» What the task asks
The answer should be an exact repeat of the stretch of material below from the line containing "Смартфон HTC Titan" through the line containing "SPACIOUS SEMI-DETACHED VILLA".

» Extracted data
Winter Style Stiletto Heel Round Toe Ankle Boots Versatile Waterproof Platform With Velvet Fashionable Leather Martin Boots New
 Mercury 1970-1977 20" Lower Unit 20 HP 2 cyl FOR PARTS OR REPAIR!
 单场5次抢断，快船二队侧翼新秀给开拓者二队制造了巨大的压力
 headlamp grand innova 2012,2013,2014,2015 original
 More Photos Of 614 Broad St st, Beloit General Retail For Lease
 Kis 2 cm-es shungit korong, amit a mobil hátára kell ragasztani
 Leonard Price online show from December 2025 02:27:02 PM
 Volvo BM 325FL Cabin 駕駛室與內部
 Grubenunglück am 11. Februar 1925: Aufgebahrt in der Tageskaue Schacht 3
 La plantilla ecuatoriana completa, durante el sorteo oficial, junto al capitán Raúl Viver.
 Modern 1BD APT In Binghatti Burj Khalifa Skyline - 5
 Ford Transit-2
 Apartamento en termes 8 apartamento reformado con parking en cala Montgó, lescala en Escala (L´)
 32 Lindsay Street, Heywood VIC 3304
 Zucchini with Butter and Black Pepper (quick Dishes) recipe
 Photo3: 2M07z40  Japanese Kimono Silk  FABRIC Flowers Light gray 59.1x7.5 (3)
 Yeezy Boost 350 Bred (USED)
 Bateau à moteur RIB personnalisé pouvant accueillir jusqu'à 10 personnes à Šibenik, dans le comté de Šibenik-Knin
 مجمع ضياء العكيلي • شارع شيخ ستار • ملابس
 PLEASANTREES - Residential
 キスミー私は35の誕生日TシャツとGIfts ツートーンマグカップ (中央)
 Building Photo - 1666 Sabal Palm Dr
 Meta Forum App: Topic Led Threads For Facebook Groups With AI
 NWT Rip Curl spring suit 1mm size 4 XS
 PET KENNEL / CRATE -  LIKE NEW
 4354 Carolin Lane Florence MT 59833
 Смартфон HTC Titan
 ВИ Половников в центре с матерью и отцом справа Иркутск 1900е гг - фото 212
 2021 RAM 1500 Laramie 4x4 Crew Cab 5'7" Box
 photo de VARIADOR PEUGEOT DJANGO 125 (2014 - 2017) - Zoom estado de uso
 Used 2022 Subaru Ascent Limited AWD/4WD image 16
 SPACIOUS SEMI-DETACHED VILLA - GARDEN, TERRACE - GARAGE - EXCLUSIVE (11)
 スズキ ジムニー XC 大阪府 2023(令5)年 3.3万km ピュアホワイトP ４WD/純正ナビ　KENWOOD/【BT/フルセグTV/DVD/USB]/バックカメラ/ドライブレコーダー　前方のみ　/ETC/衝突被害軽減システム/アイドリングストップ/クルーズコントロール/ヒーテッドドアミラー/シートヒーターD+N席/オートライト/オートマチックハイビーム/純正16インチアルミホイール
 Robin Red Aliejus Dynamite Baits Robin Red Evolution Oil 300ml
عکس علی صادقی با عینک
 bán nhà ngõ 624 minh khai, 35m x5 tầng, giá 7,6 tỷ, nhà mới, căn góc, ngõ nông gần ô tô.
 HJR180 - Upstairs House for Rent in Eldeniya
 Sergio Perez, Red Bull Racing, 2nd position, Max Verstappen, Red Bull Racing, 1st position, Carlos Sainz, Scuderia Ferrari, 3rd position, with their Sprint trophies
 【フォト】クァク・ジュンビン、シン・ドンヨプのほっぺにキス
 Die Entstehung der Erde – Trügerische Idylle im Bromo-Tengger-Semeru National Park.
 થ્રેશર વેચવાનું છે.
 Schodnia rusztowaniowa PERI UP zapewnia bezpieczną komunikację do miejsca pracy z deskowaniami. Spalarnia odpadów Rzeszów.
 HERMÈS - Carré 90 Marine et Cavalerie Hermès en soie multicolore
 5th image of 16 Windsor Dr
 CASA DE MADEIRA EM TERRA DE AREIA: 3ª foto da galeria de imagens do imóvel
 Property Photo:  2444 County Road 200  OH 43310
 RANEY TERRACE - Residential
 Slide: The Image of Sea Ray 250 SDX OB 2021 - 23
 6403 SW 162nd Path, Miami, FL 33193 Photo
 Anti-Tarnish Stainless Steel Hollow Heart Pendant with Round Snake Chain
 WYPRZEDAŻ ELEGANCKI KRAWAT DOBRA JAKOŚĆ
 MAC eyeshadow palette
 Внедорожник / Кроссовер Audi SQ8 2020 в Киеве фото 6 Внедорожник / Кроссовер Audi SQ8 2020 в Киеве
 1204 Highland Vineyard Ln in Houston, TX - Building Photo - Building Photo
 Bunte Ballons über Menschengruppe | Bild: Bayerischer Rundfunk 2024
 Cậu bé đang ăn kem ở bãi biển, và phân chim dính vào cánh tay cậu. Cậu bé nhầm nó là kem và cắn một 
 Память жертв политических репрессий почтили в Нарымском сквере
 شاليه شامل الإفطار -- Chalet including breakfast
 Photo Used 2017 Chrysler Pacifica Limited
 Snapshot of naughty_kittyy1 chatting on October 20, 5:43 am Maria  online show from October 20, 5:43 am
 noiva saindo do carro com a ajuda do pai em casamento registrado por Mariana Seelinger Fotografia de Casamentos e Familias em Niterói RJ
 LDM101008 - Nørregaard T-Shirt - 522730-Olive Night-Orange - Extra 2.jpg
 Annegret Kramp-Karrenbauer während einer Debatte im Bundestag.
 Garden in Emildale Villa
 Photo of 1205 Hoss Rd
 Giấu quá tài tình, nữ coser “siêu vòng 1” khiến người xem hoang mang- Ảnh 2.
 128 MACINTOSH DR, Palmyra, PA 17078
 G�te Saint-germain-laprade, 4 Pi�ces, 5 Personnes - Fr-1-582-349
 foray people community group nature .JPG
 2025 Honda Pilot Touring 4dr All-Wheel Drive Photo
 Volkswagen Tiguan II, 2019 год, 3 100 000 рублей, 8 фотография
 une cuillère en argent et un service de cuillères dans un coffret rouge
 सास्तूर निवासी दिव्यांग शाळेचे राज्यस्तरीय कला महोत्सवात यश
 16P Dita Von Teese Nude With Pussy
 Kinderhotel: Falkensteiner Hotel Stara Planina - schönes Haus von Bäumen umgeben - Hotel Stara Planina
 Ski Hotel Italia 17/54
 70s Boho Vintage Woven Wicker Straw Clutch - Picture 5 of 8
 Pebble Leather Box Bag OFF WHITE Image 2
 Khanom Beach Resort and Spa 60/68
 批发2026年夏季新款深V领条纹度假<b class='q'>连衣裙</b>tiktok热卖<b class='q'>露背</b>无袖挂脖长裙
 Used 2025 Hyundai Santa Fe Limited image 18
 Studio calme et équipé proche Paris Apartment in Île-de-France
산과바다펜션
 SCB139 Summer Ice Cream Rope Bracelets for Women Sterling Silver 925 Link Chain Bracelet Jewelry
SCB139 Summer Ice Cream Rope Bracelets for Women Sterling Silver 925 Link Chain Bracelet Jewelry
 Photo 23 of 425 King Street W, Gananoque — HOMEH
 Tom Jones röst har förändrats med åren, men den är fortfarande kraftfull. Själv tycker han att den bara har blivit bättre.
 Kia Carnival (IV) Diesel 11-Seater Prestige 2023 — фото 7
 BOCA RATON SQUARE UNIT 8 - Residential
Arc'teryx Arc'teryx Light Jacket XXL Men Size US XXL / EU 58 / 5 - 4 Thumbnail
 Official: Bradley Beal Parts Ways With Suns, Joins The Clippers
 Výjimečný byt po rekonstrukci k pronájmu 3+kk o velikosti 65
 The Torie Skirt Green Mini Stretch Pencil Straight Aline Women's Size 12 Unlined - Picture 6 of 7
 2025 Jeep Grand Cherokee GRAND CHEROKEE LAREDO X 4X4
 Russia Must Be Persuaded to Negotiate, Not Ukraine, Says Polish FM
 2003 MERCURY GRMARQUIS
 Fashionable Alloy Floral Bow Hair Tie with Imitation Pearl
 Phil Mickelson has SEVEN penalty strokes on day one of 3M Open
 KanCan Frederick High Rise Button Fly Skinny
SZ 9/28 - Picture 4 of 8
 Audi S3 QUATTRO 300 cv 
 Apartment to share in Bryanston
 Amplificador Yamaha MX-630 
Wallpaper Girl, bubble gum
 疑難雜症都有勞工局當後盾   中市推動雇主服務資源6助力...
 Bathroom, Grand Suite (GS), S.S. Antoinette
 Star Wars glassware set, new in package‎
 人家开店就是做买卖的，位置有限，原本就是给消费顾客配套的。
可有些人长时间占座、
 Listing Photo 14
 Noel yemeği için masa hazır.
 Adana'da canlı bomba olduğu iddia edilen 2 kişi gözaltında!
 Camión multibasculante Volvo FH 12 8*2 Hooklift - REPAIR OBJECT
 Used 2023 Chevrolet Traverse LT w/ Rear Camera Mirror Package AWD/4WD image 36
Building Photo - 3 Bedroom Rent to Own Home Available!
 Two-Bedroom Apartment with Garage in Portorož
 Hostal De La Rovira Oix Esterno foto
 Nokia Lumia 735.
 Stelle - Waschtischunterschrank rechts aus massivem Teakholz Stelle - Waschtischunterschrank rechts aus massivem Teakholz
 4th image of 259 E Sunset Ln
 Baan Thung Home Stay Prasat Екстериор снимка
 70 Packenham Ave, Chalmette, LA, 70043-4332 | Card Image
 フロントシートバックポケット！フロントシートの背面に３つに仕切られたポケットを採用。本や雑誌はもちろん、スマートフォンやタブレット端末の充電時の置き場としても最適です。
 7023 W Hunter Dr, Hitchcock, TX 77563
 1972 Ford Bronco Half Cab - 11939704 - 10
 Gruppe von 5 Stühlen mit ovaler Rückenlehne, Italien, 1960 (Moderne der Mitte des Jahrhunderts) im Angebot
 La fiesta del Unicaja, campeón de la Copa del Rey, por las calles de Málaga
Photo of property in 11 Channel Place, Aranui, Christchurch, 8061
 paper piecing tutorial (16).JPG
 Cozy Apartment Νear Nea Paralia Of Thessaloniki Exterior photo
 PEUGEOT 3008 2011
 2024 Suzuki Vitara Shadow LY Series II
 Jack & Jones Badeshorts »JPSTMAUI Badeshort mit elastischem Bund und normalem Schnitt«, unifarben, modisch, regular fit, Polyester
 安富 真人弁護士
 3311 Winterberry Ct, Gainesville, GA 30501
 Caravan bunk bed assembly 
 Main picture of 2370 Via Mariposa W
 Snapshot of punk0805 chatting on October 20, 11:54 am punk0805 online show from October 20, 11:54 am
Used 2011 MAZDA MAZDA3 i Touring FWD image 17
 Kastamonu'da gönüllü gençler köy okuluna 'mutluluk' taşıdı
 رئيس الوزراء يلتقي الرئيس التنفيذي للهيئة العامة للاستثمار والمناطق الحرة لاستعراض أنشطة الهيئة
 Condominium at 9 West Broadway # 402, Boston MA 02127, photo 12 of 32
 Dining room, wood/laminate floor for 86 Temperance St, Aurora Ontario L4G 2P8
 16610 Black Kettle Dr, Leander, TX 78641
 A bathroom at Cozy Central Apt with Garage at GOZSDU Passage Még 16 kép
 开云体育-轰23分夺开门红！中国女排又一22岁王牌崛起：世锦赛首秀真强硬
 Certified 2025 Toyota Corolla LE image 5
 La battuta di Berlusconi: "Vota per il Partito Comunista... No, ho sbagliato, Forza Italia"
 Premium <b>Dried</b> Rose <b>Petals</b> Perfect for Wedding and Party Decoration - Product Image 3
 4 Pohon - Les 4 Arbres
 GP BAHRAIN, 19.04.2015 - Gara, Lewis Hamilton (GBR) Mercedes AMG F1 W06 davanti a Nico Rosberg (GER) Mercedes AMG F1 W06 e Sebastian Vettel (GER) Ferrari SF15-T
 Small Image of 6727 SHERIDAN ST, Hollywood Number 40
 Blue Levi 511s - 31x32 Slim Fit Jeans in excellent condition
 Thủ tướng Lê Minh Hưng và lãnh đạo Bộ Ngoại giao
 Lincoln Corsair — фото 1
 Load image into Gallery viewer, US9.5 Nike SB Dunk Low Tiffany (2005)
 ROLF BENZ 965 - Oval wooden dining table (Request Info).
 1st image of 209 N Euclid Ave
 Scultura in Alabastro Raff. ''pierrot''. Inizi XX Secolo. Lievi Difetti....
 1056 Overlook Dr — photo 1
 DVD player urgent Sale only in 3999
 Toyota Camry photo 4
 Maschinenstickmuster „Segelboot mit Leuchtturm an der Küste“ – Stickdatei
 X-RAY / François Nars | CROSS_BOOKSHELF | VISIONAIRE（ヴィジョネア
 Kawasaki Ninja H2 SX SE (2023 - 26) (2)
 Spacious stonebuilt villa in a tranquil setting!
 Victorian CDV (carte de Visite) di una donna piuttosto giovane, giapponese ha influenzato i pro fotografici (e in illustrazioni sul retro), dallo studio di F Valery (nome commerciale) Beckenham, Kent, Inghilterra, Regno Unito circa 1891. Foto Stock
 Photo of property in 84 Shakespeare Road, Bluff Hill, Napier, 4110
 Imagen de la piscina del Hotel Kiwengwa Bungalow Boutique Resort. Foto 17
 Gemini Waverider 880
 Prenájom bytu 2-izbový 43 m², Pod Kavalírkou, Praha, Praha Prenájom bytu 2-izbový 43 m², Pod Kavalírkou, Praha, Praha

» Task response
 Смартфон HTC Titan
 ВИ Половников в центре с матерью и отцом справа Иркутск 1900е гг - фото 212
 2021 RAM 1500 Laramie 4x4 Crew Cab 5'7" Box
 photo de VARIADOR PEUGEOT DJANGO 125 (2014 - 2017) - Zoom estado de uso
 Used 2022 Subaru Ascent Limited AWD/4WD image 16
 SPACIOUS SEMI-DETACHED VILLA - GARDEN, TERRACE - GARAGE - EXCLUSIVE (11)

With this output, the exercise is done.